**TASK OBJECTIVE**
Only the lines from the one containing "Elegant Gold Jewel" to the end of the data are wanted; print them exactly as they appear.

Data entries:
>>>
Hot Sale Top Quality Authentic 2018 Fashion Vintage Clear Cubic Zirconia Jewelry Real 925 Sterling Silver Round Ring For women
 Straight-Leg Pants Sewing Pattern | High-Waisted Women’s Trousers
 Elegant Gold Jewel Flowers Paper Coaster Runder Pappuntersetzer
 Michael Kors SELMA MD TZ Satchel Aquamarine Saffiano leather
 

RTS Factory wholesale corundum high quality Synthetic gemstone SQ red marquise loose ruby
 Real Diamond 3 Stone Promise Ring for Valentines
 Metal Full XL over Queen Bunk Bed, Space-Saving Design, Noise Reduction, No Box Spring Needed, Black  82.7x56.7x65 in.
<<<
**COMPLETED EXERCISE**
 Elegant Gold Jewel Flowers Paper Coaster Runder Pappuntersetzer
 Michael Kors SELMA MD TZ Satchel Aquamarine Saffiano leather
 

RTS Factory wholesale corundum high quality Synthetic gemstone SQ red marquise loose ruby
 Real Diamond 3 Stone Promise Ring for Valentines
 Metal Full XL over Queen Bunk Bed, Space-Saving Design, Noise Reduction, No Box Spring Needed, Black  82.7x56.7x65 in.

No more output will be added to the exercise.